▶ **Requirement**: The copy should begin at the line containing "this 1200×800 image." and end with the last line below, every line exact and no picture included.
§
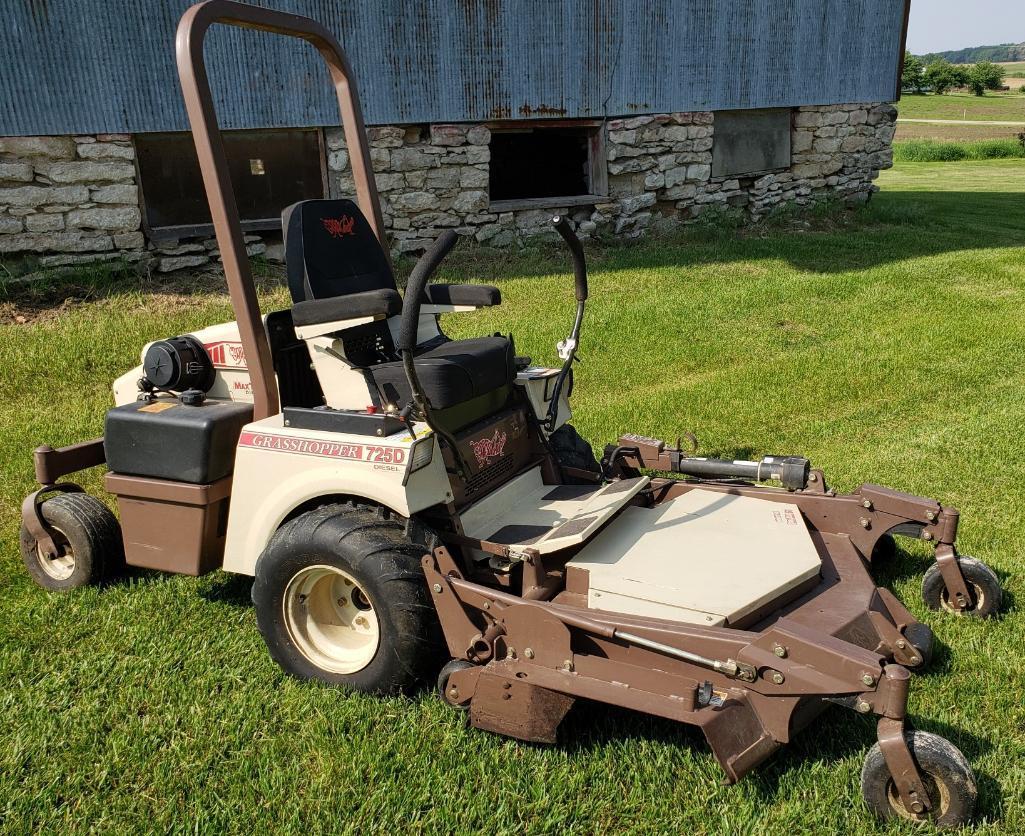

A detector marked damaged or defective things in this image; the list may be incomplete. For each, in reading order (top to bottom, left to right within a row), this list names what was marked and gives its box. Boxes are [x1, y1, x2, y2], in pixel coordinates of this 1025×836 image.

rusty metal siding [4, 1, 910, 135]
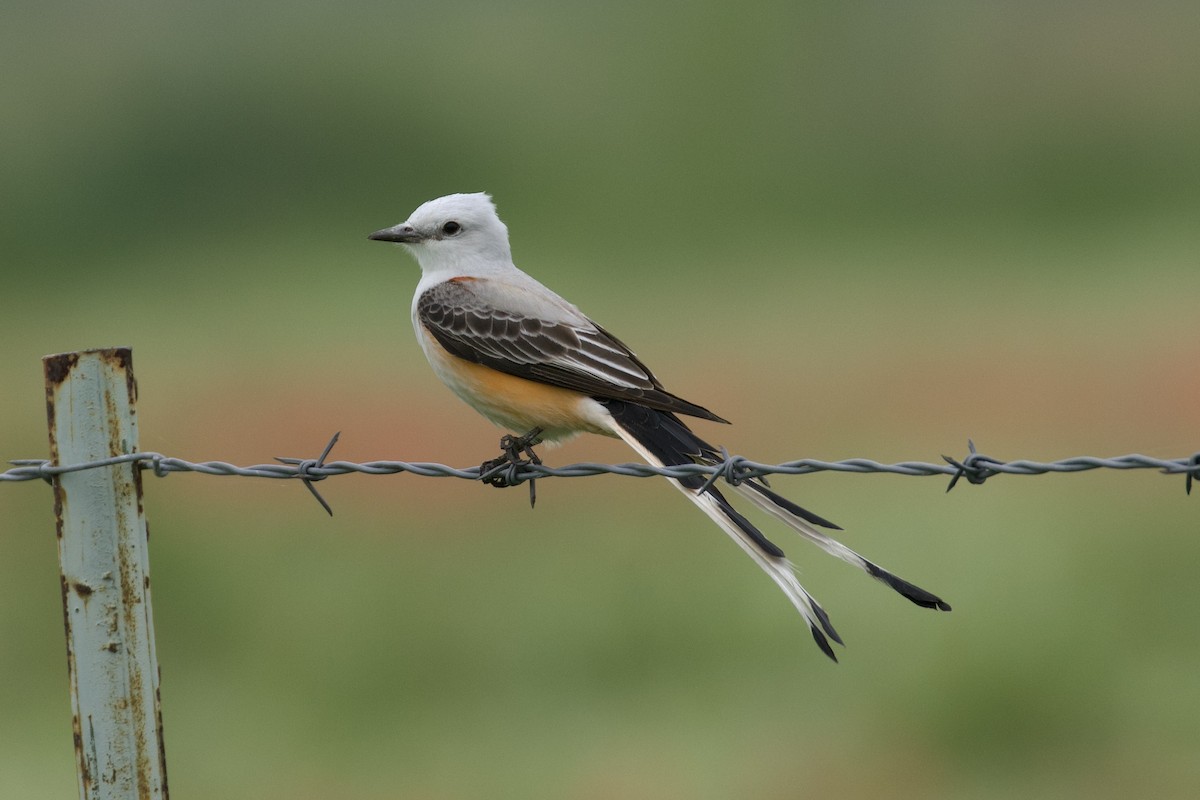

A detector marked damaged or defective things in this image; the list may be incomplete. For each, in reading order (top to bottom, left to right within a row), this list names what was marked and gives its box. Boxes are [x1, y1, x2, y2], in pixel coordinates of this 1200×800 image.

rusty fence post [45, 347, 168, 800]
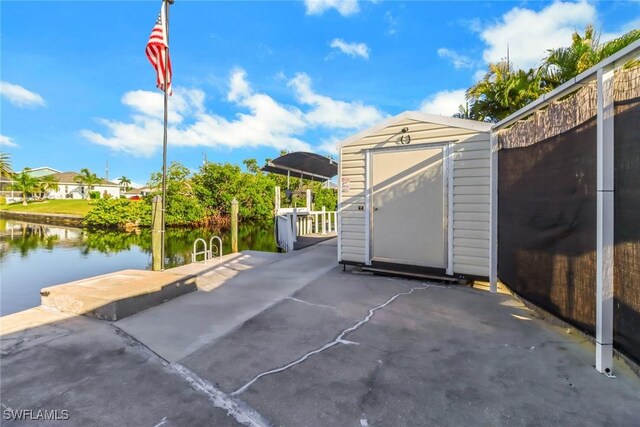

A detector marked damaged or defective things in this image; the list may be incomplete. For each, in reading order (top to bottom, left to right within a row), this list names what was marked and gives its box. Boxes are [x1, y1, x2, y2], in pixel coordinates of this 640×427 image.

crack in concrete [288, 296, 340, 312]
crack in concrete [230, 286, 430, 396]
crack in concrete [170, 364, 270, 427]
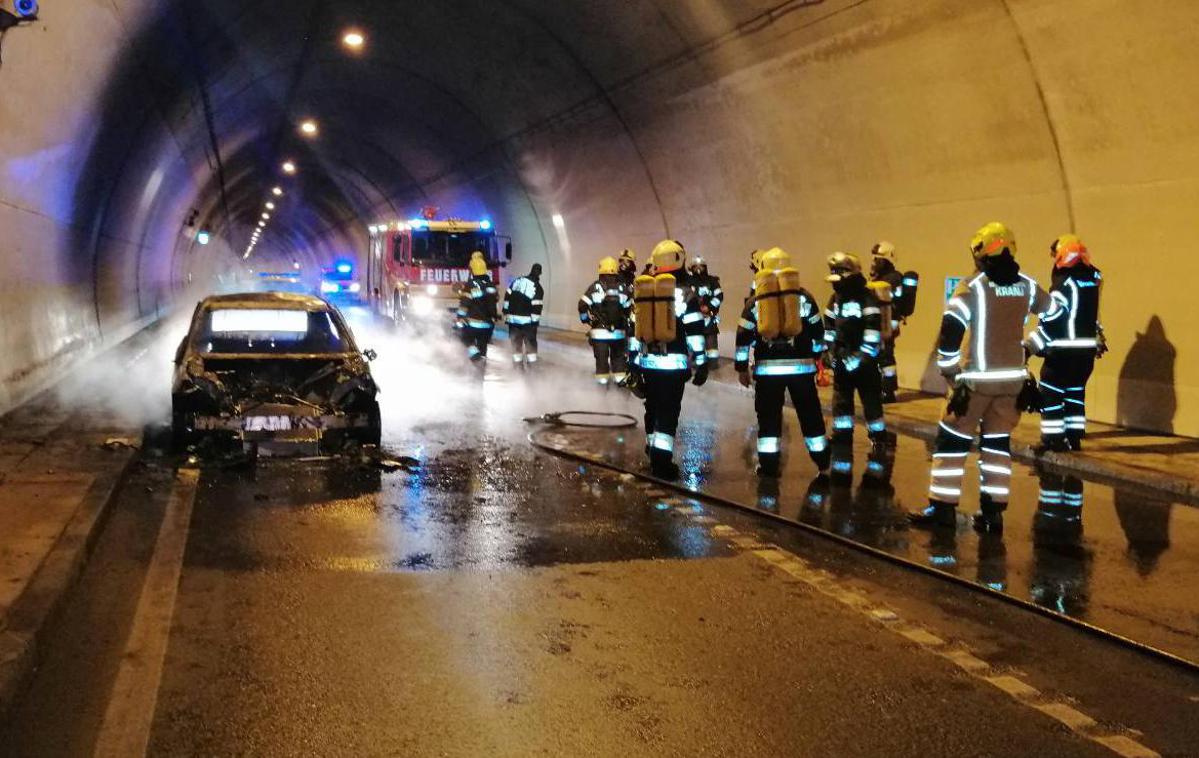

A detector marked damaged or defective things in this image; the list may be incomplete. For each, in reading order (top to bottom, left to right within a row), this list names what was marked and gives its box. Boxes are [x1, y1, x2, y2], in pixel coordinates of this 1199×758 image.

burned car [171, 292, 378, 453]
§
▶ **Task output**:
A detector marked damaged or defective things in this image; the list may be incomplete. For each, in reading order (top to bottom, left to right within a row), this list names what was marked and gives its box. Boxes are [x1, y1, x2, y2], in pixel coordinates of this 1200×800 image.

rusty fence post [45, 347, 168, 800]

A detector marked damaged or defective things in this image; the list may be incomplete. For each, in reading order (top to bottom, left to right within a row), this list names what was marked and gives its box. Boxes are [x1, y1, x2, y2], in pixel coordinates of this 640×427 image.

crack in concrete [288, 296, 340, 312]
crack in concrete [230, 286, 430, 396]
crack in concrete [170, 364, 270, 427]

A detector marked damaged or defective things in this image; the list may be incomplete. For each, in reading order (top to bottom, left to right within a row), this list names what was marked and gives its box. Boxes are [x1, y1, x2, y2], in pixel coordinates of this 1199×758 image.

burned car [171, 292, 378, 453]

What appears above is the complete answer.